The Downward-Facing Dog (aka Adho Mukha Svanasana) is a posture where the body forms an inverted V-shape that is said to stretch the whole body from shoulders to legs to spine and builds strength throughout the body, particularly the arms, legs and feet. Downward-Facing Dog promotes the relief of fatigue and rejuvenates the body, improving the immune system, digestion and blood flow to the sinuses, and calms the mind and lifts the spirits.
Downward-Facing Dog: Adho Muka Savanasana
1. Come onto the floor on your hands and knees. Set knees directly below your hips [your feet should be hip-distance apart] and your hands slightly forward of your shoulders [also hip-distance apart]. Spread your palms, index fingers parallel or slightly turned out [all five fingers of both your hands should be evenly spread wide apart], and turn your toes under.
2. Exhale while you lift your knees away from the floor keeping the knees slightly bent and the heels lifted away from the floor. Lengthen your tailbone away from the back of your pelvis and press it slightly toward the pubis. Against the resistance, lift the sitting bones toward the ceiling [and back], from your inner ankles draw the inner legs up into the groins, [heels may be turned slightly outward so that the outer edge of your feet are parallel.]
3. Then with an exhalation, push your top thighs back and stretch your heels onto or down toward the floor. Straighten your knees but be sure not to lock them. Firm the outer thighs and roll the upper thighs inward slightly. Narrow the front of the pelvis. [Adjust so that your sit bones are still stretching up and back.]
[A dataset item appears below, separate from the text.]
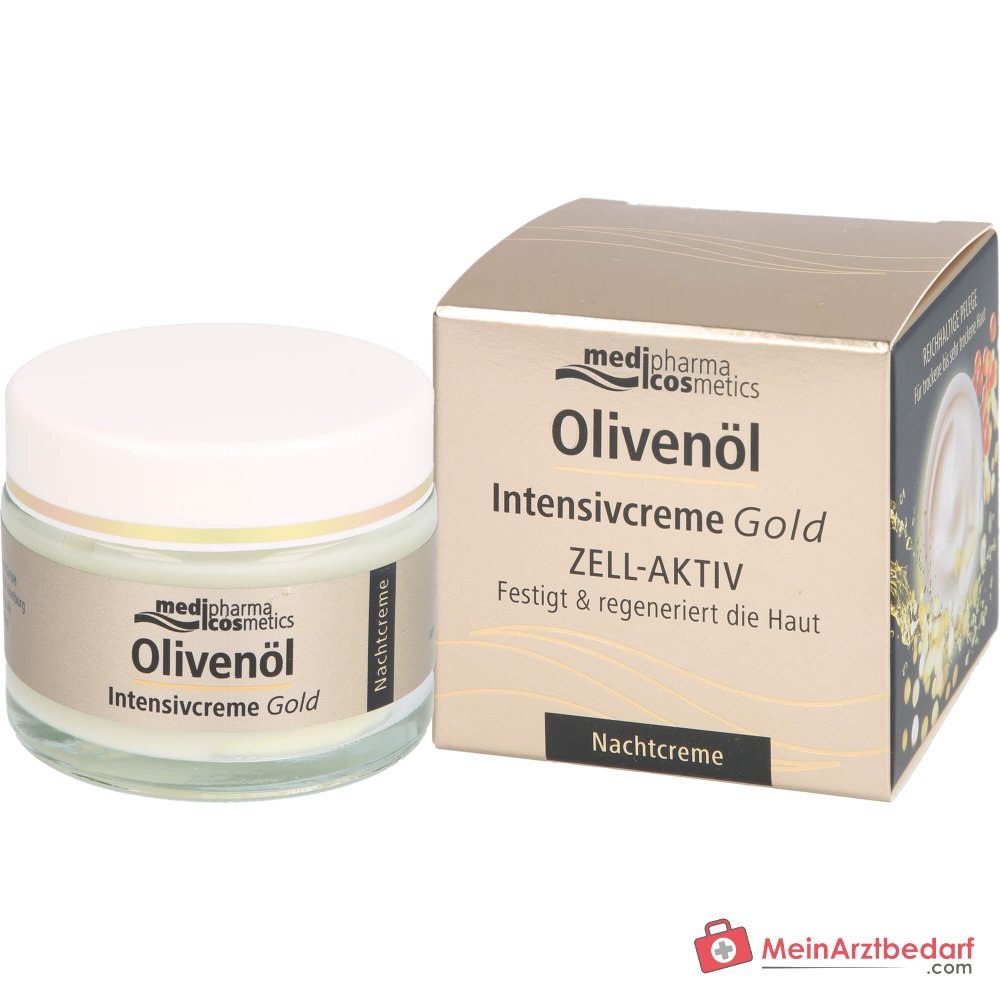 medipharma cosmetics Crema intensiva de aceite de oliva Gold con células activas Crema de noche, 50 ml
4. Firm the outer arms and press the bases of the index fingers actively into the floor [make sure all five fingers on both your hands are still evenly spread wide]. From your actively pressing index fingers lift along your inner arms from the wrists to the tops of the shoulders [keep the arms straight but do not lock elbows]. Firm you shoulder blades against your back, then widen them and draw them toward the tailbone [keeping the shoulder blades pinned down]. Keep the head between the upper arms, making sure to not let your head hang.
[5. Now while in Downward-Facing Dog adjust and align yourself, it is very easy to become misaligned while doing these steps, so take your time and align yourself correctly. Heels hip-distance apart and turned out so that the outer edges of the feet are parallel, legs straight but knees not locked, thighs pressed back and turned in slightly and stretching towards the groin, hips and sit-bone reaching up and back, spine lengthened, back flat, tummy tucked, arms stretched straight but elbows not locked, arm muscles lengthened from fingers to shoulders, shoulder blades tucked, fingers wide and evenly spread, index finger actively pressed down, head between upper arms, neck lengthened.]
6. The Downward-Facing Dog is one of the poses in the traditional Sun Salutation sequence. It is also an excellent yoga asana all on its own. Stay in this pose anywhere from 1 to 3 minutes. Then bend your knees to the floor with an exhalation and rest in Child's Pose."